ConsulDoesNotExistAlarm

Description

There are no Consul server pods in namespace.

Possible Causes

  • Consul Server pod failures or unavailability.
  • Resource constraints impacting Consul Server pod performance.
  • Consul Server stateful set is scaled down to 0 intentionally or due to incorrect installation.

Impact

  • Complete unavailability of the Consul cluster.

Actions for Investigation

  1. Check if the Consul Server pods exist.
  2. Check if the Consul Server stateful set exists and has at least one desired pod.
  3. Verify resource utilization of Consul Server pods (CPU, memory).

Recommended Actions to Resolve Issue

  1. Scale-in or redeploy Consul Service pods if stateful set is in failed state.
  2. Investigate and address any resource constraints affecting the Consul Server pod performance.

ConsulIsDegradedAlarm

Description

Consul cluster is degraded, it means that at least one of the nodes have failed, but cluster is able to work.

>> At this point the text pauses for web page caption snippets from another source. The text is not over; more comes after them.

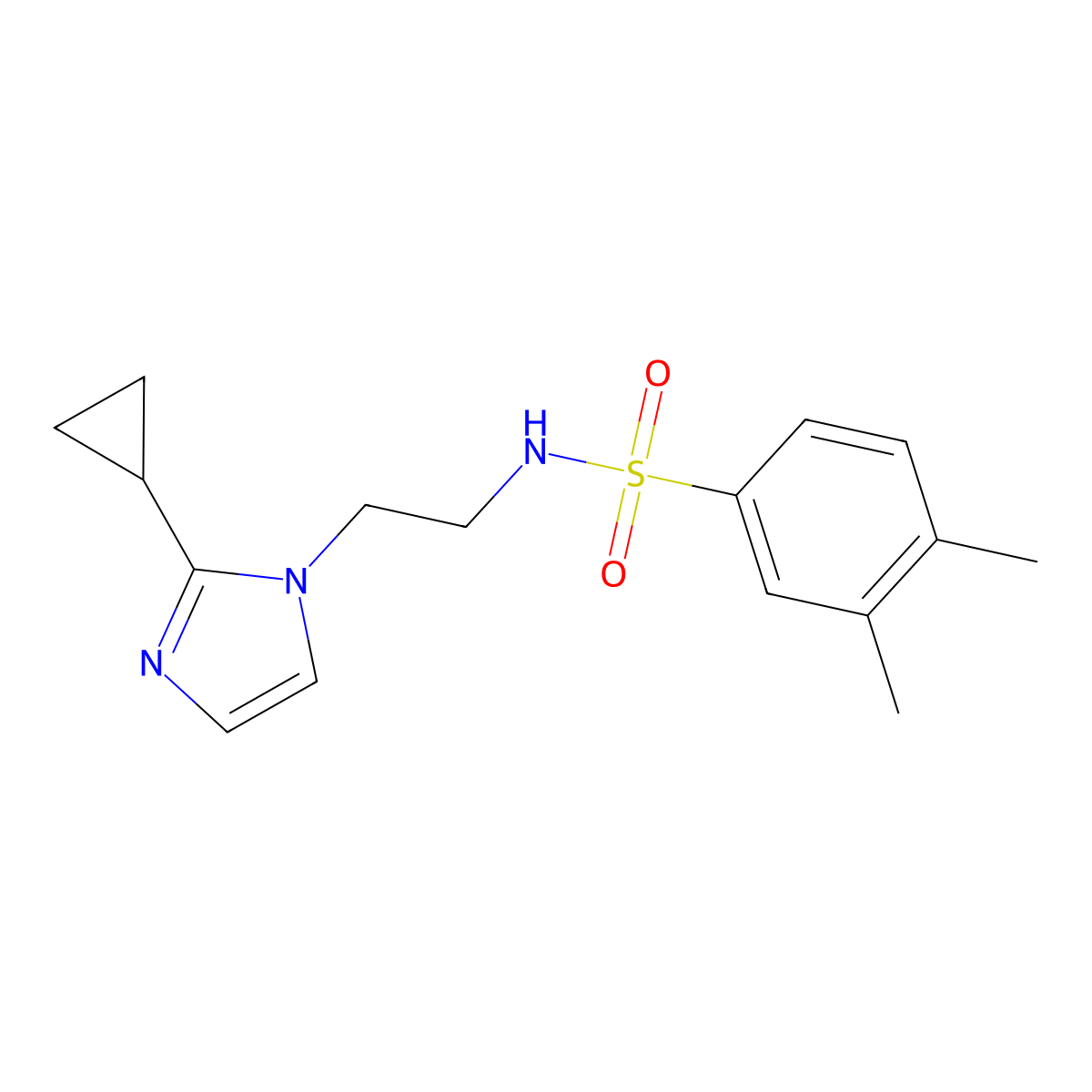 N-(2-(2-cyclopropyl-1H-imidazol-1-yl)ethyl)-3,4-dimethylbenzenesulfonamide molecular structure, CAS 2034234-66-5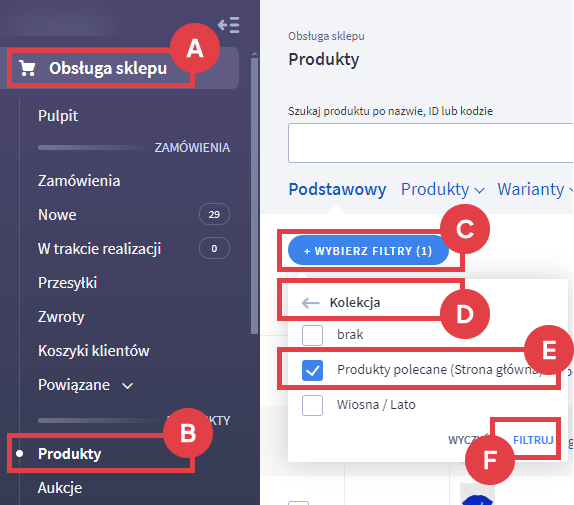 Panel administracyjny sklepu > Obsługa sklepu > Produkty > Wybierz filtry > Kolekcja > Produkty polecane (Strona główna)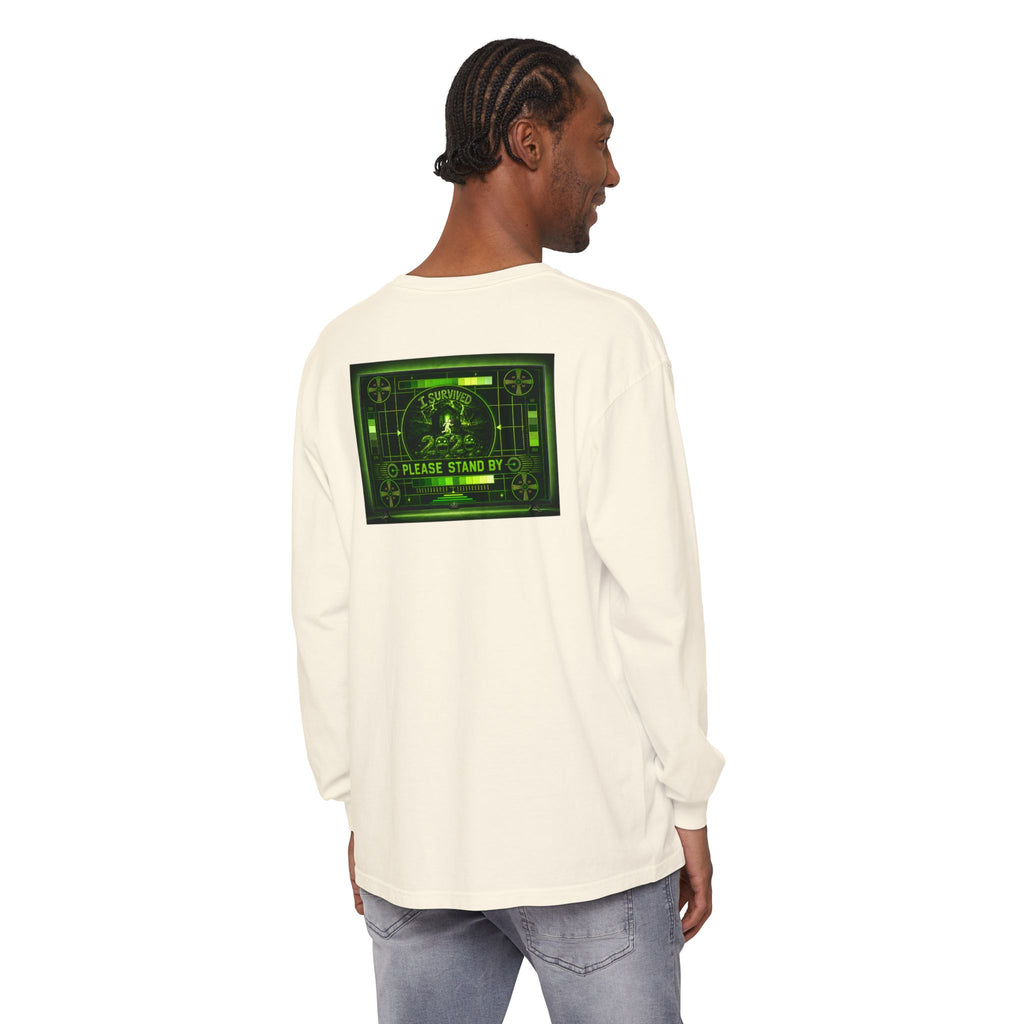 I Survived 2020 — "Please Stand By" Test Pattern Toxic Signal Tee Summer Premiere Unisex Garment-Dyed Long Sleeve T-Shirt
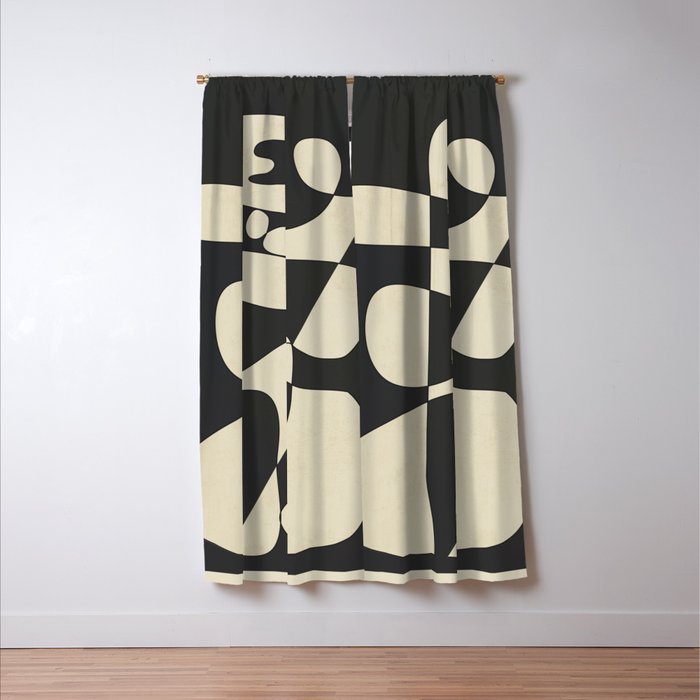 Modern Abstract Contrast - Noir Window Curtain Gallery Image 3
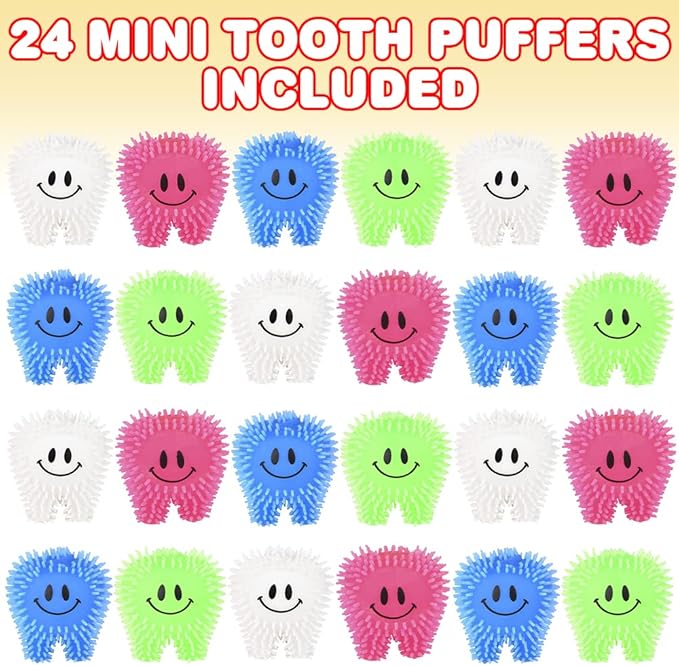 ArtCreativity Mini Tooth Puffers, Set of 24, Squeezy Toys for Kids with Soft Spikes, Sensory Fidget Toys for Stress Relief in Assorted Colors, Goodie Bag Stuffers, and Dentist Office Giveaways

For more information refer to Leader Server Failure.

Possible Causes

  • Consul Server pod failures or unavailability.
  • Resource constraints impacting Consul Server pod performance.

Impact

  • Reduced or disrupted functionality of the Consul cluster.
  • Potential impact on processes relying on the Consul.

Actions for Investigation

  1. Check the status of Consul Server pods.
  2. Review logs for Consul Server pods for any errors or issues.
  3. Verify resource utilization of Consul Server pods (CPU, memory).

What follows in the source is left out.